In broad terms, the film is about a family man, Harry, re-asserting his dominant role as head of the nuclear family. 

To re-establish this role, he must eliminate sleazy competitors for his wife's affection such as Simon, re-capture the affection of his estranged daughter following her indoctrination by pop cultural influences (named above as "Madonna and Axl Rose...") and finally, outwit a "nuclear" competitor who has kidnapped his child.  It's not an easy assignment, but Harry proves up to it...especially with the full weight and might of U.S. secret ops behind him. 

In clever fashion, Cameron approaches "nuclear family life" in True Lies as a concern as grave and serious as nuclear terrorism.  When the smooth, suave Harry returns home from a mission at Lake Chapeau, Switzerland, for instance, Cameron opens the scene with a high-angle view of Tasker and Gib huddled in the car. 

The camera peers down through the open sun roof of Gib's ride, and the film grammar interpretation of this shot selection suggests Harry's doom and entrapment.  He looks small, and in jeopardy as he prepares to return home, to "normal life."  We get both a high angle shot and a box or frame (the sun roof window) surrounding the character.  It's a double-doozy, so-to-speak. 

Later in the film, the Tasker family house is shot from a menacing low angle during a heavy thunderstorm, no less  It looks like an imposing haunted house in a horror movie.  The choice of shot informs the audience that there's trouble brewing here, both in terms of the wife and the daughter.  It's trouble that Harry will need to correct.  And boy will he correct it!

Finally, I don't know if I've ever seen a better metaphor for the delicate dance between career and family than the nail-biting finale of this film, which finds Harry flying a Harrier over downtown Miami.  His daughter clings precariously to the nose cone of the plane, crying for help.  Meanwhile, on the tail fin of the plane, Aziz is on the attack, armed with a machine gun. 

With absolute precision Harry must "balance" both situations, or risk total disaster.   If he tips one way, his family is destroyed.  If he tips the other way, Aziz gets the jump on him.  This scene is beautifully vetted both for what it represents (the delicate dance of maintaining home life and career), and in the physical, cliffhanging details.  It's also a great, pulse-pounding finale to the film.


By re-engaging with both Helen and Dana, Harry does rescue his family both metaphorically and literally, and that's the movies thematic through-line, a comparison between domestic dangers and foreign ones.   

The family that fights terrorists together, stays together, or something like that.

Where this approach becomes a little dicey, I would submit, is in some of the specifics of Harry's methodology.  He approaches his family problems with the same take-no-prisoners attitude as he confronts foreign terrorists.  On one hand, this approach can be funny.  On the other hand, Harry's actions are wildly inappropriate and actually illegal, and Harry is never called on the carpet or made to account for his behavior.  Instead, he's rewarded for bending the rules to suit his personal cause.
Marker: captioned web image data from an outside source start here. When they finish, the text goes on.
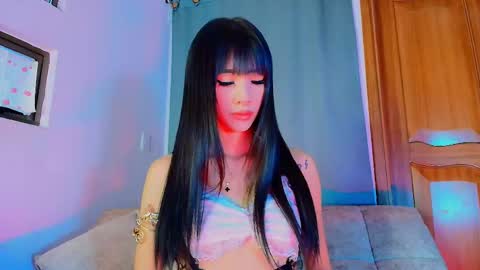 Valentina Hall online show from 01-16-26, 11:36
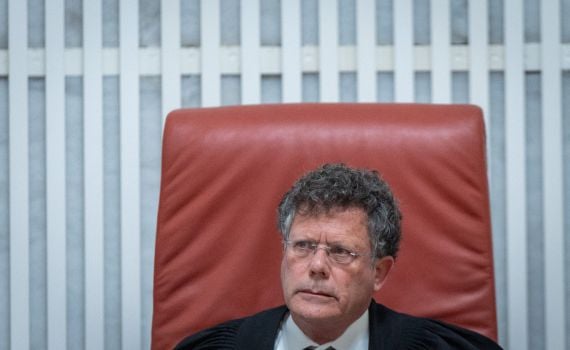 בג"צ מקפיא את מינוי השופט בן חמו לחוקר בפרשת הפצ"רית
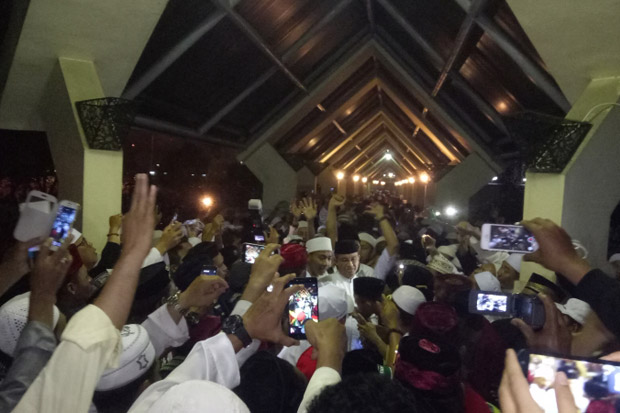 Peringatan Haul Soeharto, Anies Tiba di Masjid At Tin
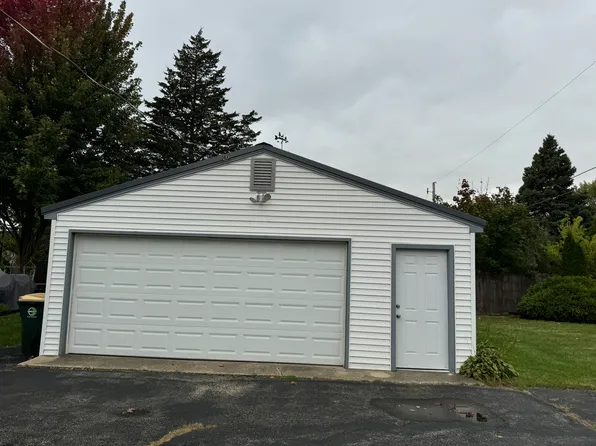 92 Lakewood Dr, Antioch, IL 60002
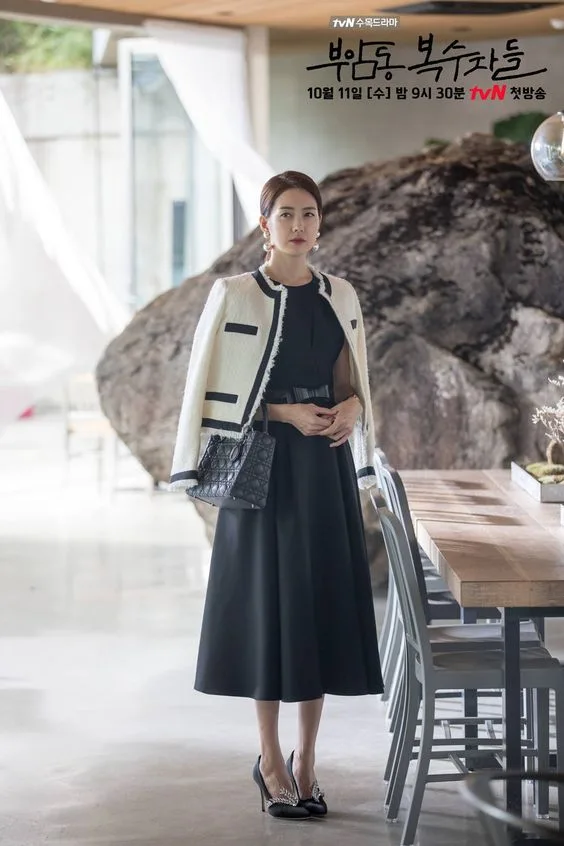 Thời trang trong phim: Câu Lạc Bộ Báo Thù (Avengers Social Club) Thời trang trong phim: Câu Lạc Bộ Báo Thù (Avengers Social Club)
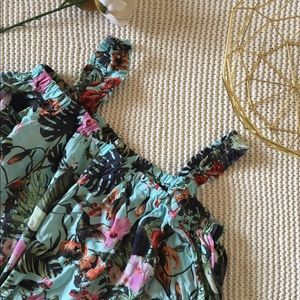 OLM Tropical Off-shoulder Top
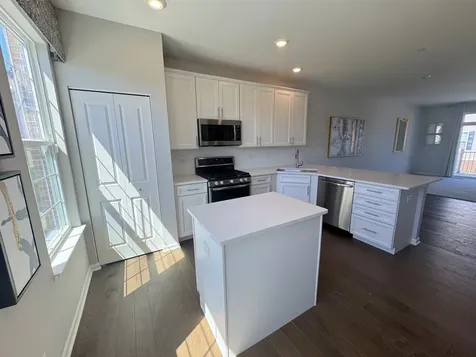 1607 Carlstedt Drive Batavia IL 60510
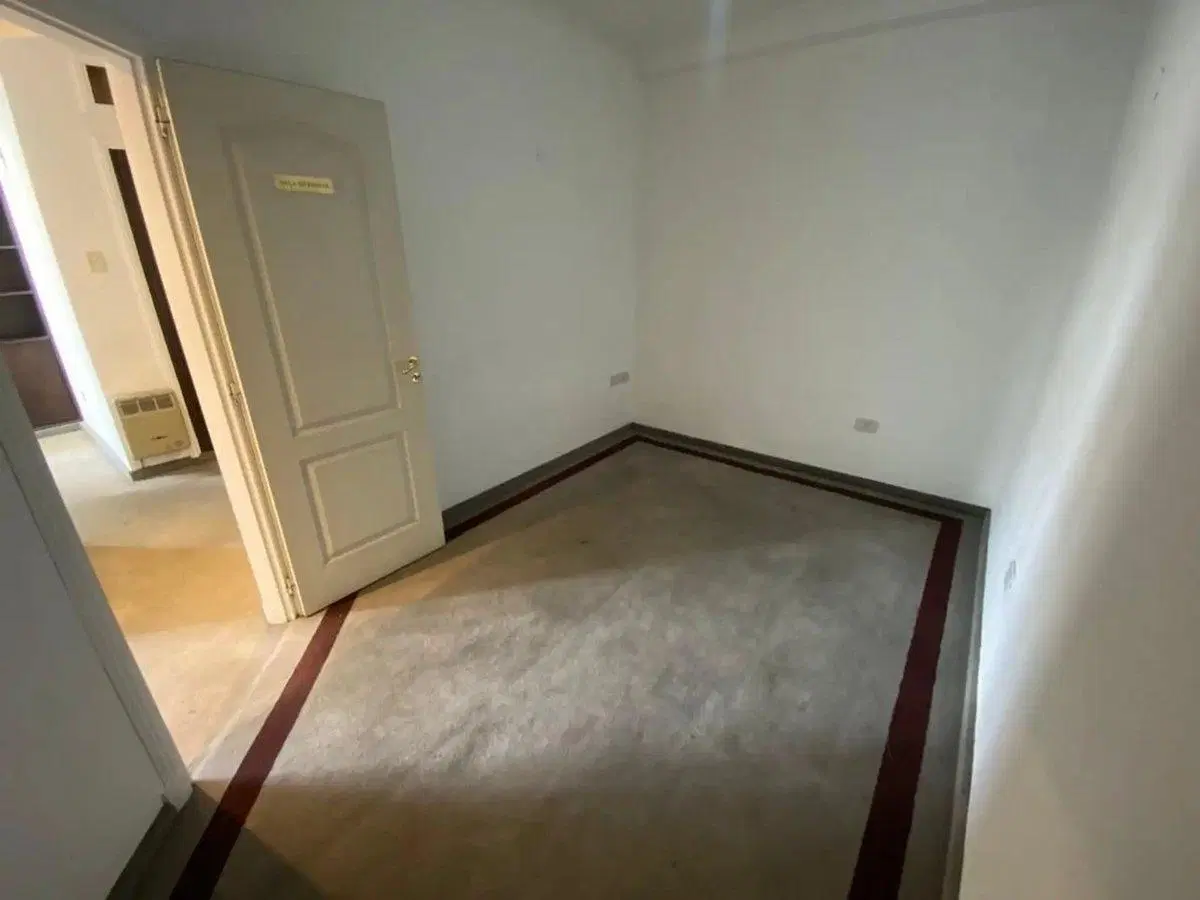 OFICINA EN VENTA LA PLATA CENTRO 5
For instance, without a second thought, Harry engages national security apparatus to trail, apprehend, hold and interrogate Helen and Simon.   Forecasting Bush Administration policies, he uses wiretaps -- without warrants -- to do so.

Then -- also forecasting some of the darker imagery of the 2000s, namely in association with Abu Ghraib -- Harry dangerously bullies Simon, his competitor for Helen's affections, throwing him under a black, eyeless hood and threatening to drop him from a precipice overlooking a dam.
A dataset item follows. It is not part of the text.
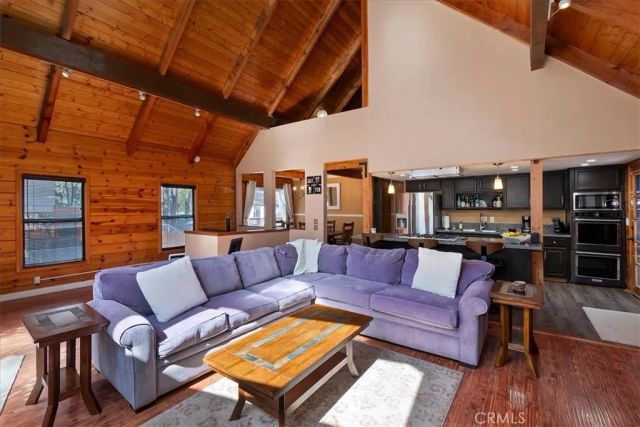 27064 Overlook, Lake Arrowhead, CA 92352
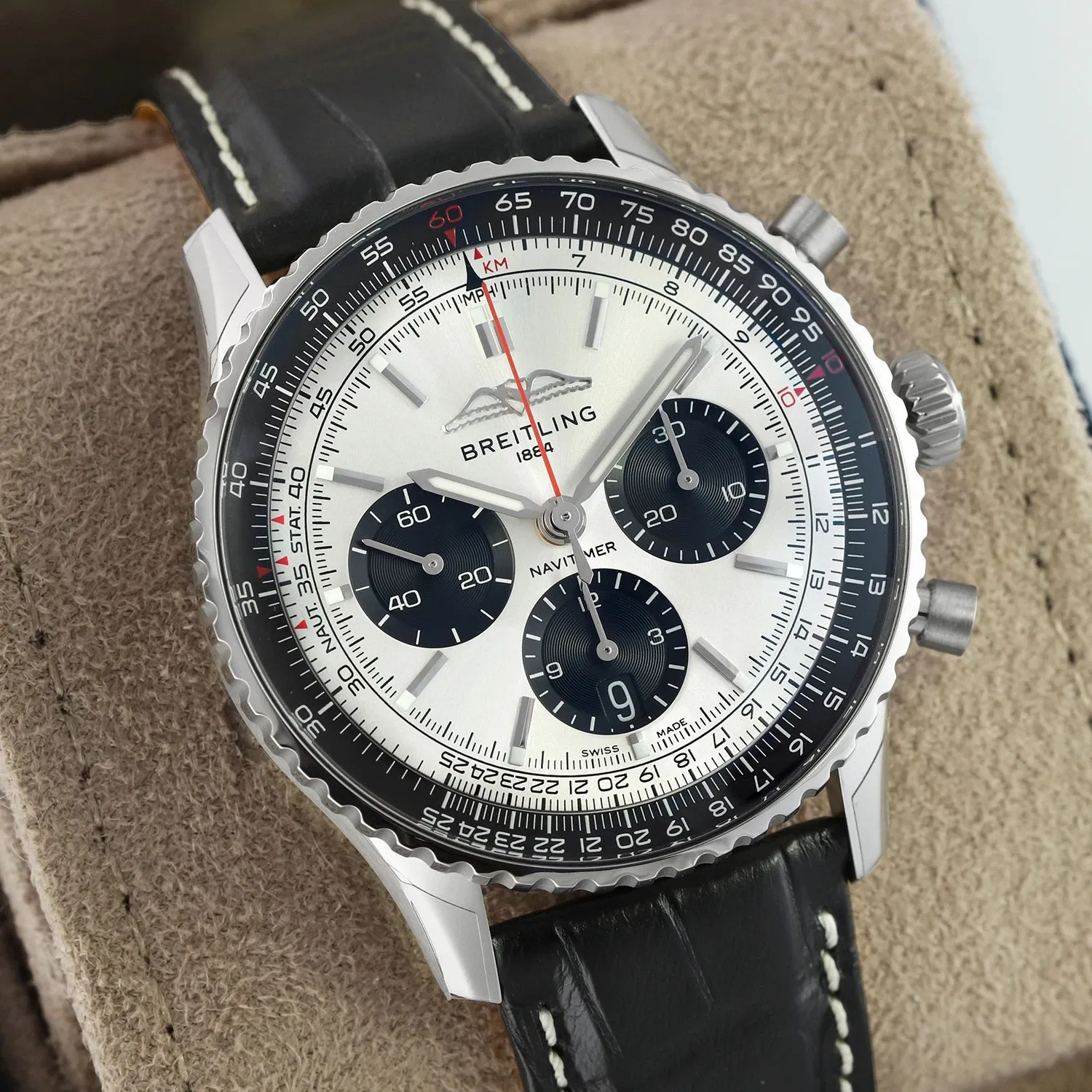 Breitling Navitimer B01 Chronograph 43mm AB0138241G1P1 Breitling Navitimer B01 Chronograph 43mm AB0138241G1P1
But hey, what's a little abuse of power between friends and family?  

Actually, this line of "humor" regarding Harry's manipulation of U.S. government funds and resources doesn't get under my skin nearly so much as some of the other material that's associated with it.  And that's because -- essentially -- it works with the film's central joke: family life vs. secret agent life.  A bit of exaggeration is certainly acceptable here in the name of humor.  And again, the idea is to throw political incorrectness to the wind.  Nothing wrong with that.


What instead feels a little disturbing about True Lies is the mean-spirited or at least questionable nature of several key moments and sequences. 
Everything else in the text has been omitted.